# Has anyone tried these?



## Montoya1 (May 14, 2004)

They look OK in the pictures, but I wonder if anyone on here has first hand experience of using them?

http://cgi.ebay.com/ws/eBayISAPI.dll?ViewItem&item=290407361998


----------



## rbrunne1 (Sep 22, 2007)

I'm interested in anyone's experience too!


----------



## Bill Hall (Jan 6, 2007)

That's some pretty cool stuff.


----------



## Montoya1 (May 14, 2004)

It looks it, with more sizes and even custom orders to follow, but I was hoping somebody had first hand experience of these...


----------



## 1976Cordoba (Sep 20, 2000)

Ninco or someone makes these for their 1:32 track, and judging by the wording in his auction, he is modifying the pieces to fit HO radius turns:

_*"Source: An Existing Border For 1/32 Scale Track Has Been Modified By Me to Fit AFX Track Perfectly!"*_


----------



## Montoya1 (May 14, 2004)

They do remind me of the Scalex pieces, but look smaller, and they are brown not green.

Clever?
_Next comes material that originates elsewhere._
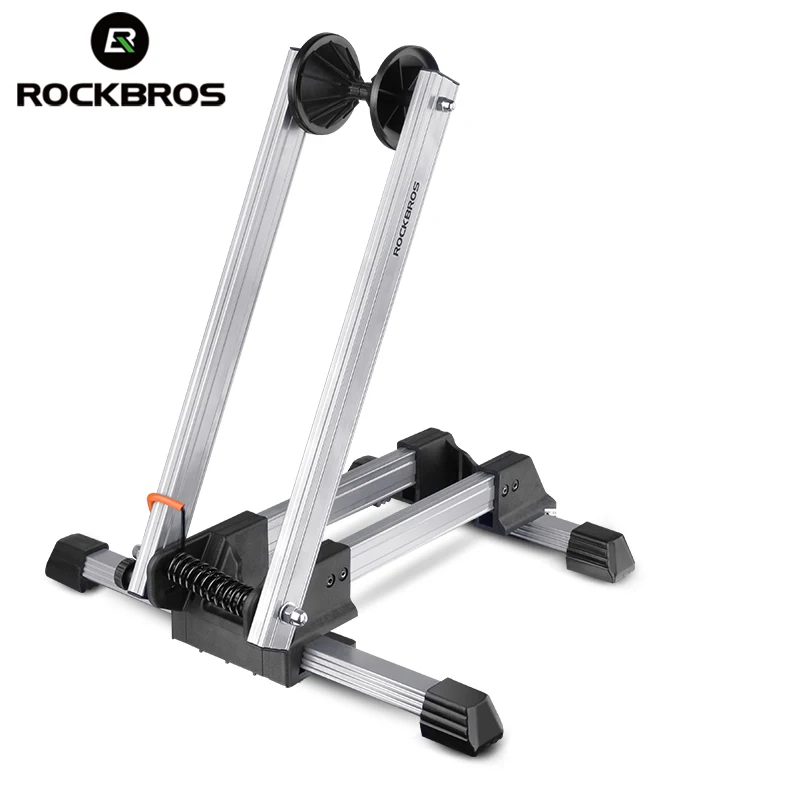 ROCKBROS Bicycle Parking Rack Aluminum Alloy Portable Double Rod Mountain Bike Maintenance Support Frame Folding Display Stand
Certainly. Worth getting? I am not sure.


----------



## SwamperGene (Dec 1, 2003)

If you look closely at the larger pics you can see they aren't flush with the track surface. 

:freak:


----------



## NTxSlotCars (May 27, 2008)

SwamperGene said:


> If you look closely at the larger pics you can see they aren't flush with the track surface.
> 
> :freak:


Maybe his borders are actually straight.


----------



## Rolls (Jan 1, 2010)

Add me to the list of folks very interested in 1st hand experience with these. I have AFX corner apron options on my mind big time right now.


----------



## slotnewbie69 (Dec 3, 2008)

another thing you can do rolls is just cut thin plywood sections to fill in the gaps,and then the entire track is set in to the table.


----------



## Rolls (Jan 1, 2010)

SlotNewbie - that's an interesting option. Hmmm, you got me thinking. I'll have a lot of elevated sections, but the inset approach is very nice for ground level AND it can hold the track in place, too. Thanks! :thumbsup:


----------



## slotnewbie69 (Dec 3, 2008)

i have seen this approach on acouple fray sites.but with a landscaped track,you could really have a large skid out section,etc.seems a cool way to go.i think the idea is trace your track out on a material the same thickness,then cut it out with a jig saw.once you have your track secured,just put it all back together like a jigsaw.(pardon the pun).have fun


----------



## rbrunne1 (Sep 22, 2007)

These appear to be Scalextric Curve Borders.



The curve borders sell for $10 - $15 for 4 inner & 4 Outer.

Does anyone know the dimensions of SCX curves?

Thanks,

Bob B.


----------